◆ Activity
Using the entries below, copy exactly each line from the line with "Paramecium aurelia moving" up to and including the line with "Human Cerebellum H.E. Stain", with every picture left out.

◆ Task inputs
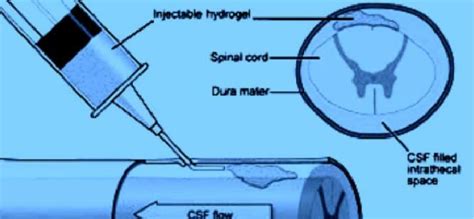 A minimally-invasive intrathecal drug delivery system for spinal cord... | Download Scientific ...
==
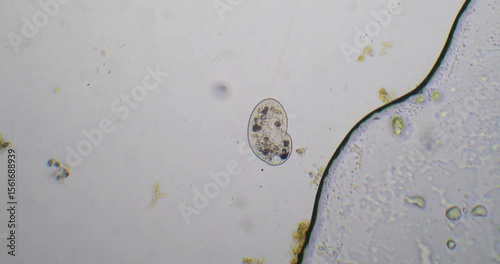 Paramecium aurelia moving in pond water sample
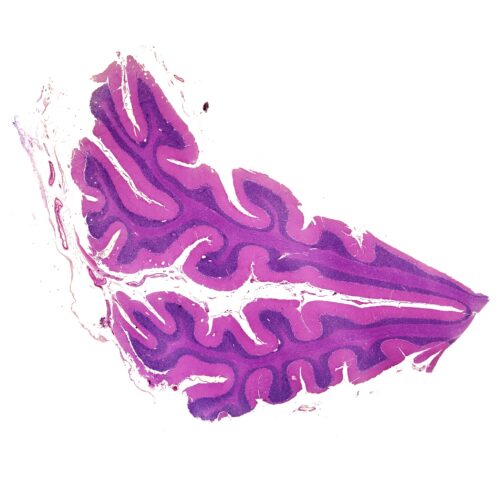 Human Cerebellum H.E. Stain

◆ Task response
 Paramecium aurelia moving in pond water sample
 Human Cerebellum H.E. Stain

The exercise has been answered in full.